"O Agente Secreto" foi um filme "extremamente duro e difícil" de fazer, mas uma "experiência muito feliz com os atores", afirmou durante uma curta entrevista à France-Presse o cineasta pernambucano Kleber Mendonça Filho, que disputa a Palma de Ouro em Cannes.
O diretor disse-se "impressionado" com a boa receção que o festival deu ao seu último filme, um eletrizante suspense político e policial, ovacionado na sua estreia no domingo.
Com duas horas e 40 minutos, o filme ambientado nos anos 1970 conta a história de um professor universitário, interpretado por Wagner Moura, que volta a Recife para reencontrar o filho mais novo, apesar do risco que corre em plena ditadura militar.

France-Presse (AFP): Este é seu filme mais ambicioso?
Kleber Mendonça Filho: É curioso porque cada filme traz novas reações. Acho que todos os filmes foram muito difíceis de fazer, foram muito ambiciosos. "Bacurau" foi um grande desafio, especialmente para curar fisicamente os esforços da produção. "O Agente Secreto" foi extremamente duro e difícil, mas também foi uma experiência muito feliz com os atores. É um filme muito pessoal. Estou muito, muito feliz e um pouco impressionado com a receção.
AFP: O filme é um espelho da diversidade do Brasil. O que representam estas personagens para si?
KMF: Estas personagens, para mim, são uma boa amostra de tipos humanos que fazem parte da história — não só da história do Brasil, mas da minha história, da maneira como vejo o Brasil. Gosto muito das caras do filme, da coleção de rostos: existem pessoas indígenas, negras, a mistura de branco, negro e indígena, pessoas altas e baixas, gordas, magras, lindas, feias, sem dente, com dente. Gosto muito dessa variedade humana.
E também é muito o Brasil dentro de um contexto histórico. Em 1977, o Brasil tinha 90 anos da abolição da escravidão. É um dado interessante. Não é a mesma relação com a raça de hoje. São 50 anos em que melhoramos um pouco, ainda num país muito racista.
AFP: "O Agente Secreto" surge depois de "Ainda Estou Aqui", de Walter Salles, que ganhou o primeiro Óscar (de Melhor Filme Internacional) da história do cinema brasileiro. Teme que esse sucesso atrapalhe?
KMF: Não me parece que seja uma ação natural somar e não subtrair. Até porque são filmes... São como dois irmãos muito diferentes. Não, não tinha pensado dessa forma. Acho que "O Agente Secreto" chega para expandir um universo que já foi apresentado no filme de Walter.

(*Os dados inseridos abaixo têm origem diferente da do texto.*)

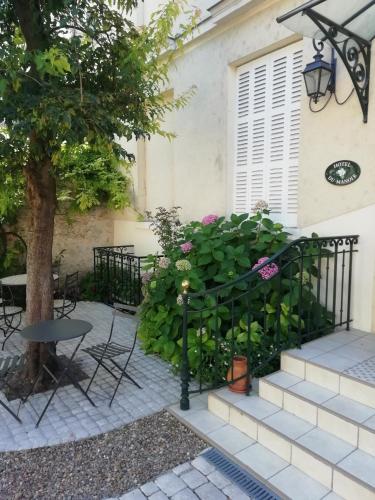 Hôtel Du Manoir - image 5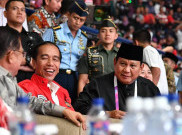 Ujaran Kompak Jokowi dan Prabowo di Video Berpelukan Bikin Merinding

Acho que sim.

AFP: Tem aproveitado a boa receção em Cannes para pedir mudanças no cinema brasileiro. Quais deveriam ser essas mudanças?
KMF: Acredito que a sala de cinema constrói o caráter de um filme. Os meus filmes têm tido um impacto muito bom em sala de cinema. "Retratos Fantasmas", o meu filme anterior, que é um ensaio, foi visto por quase 100 mil espectadores. Portanto, acho que este filme terá uma boa exposição na sala de cinema. Mas esse é um problema que o Brasil precisa resolver: uma política pública de investimento na formação de público e na construção de salas de cinema populares, porque nós temos poucas boas salas populares no Brasil.
AFP: Olhando de fora, temos a impressão de que o cinema brasileiro é uma grande família, em que todos se apoiam. Vê desta forma?
KMF: Acho que, em termos gerais, o cinema brasileiro tem um sistema de generosidade. O Walter, por exemplo, é extremamente generoso. Acho que ele está agora a acompanhar muito "O Agente Secreto". Trocamos mensagens. E também sou programador de sala. Tenho um trabalho como programador de salas, algo que amo fazer desde 1998. Já são quase 30 anos. Adoro descobrir curtas-metragens de jovens realizadores de longas e juntar os filmes.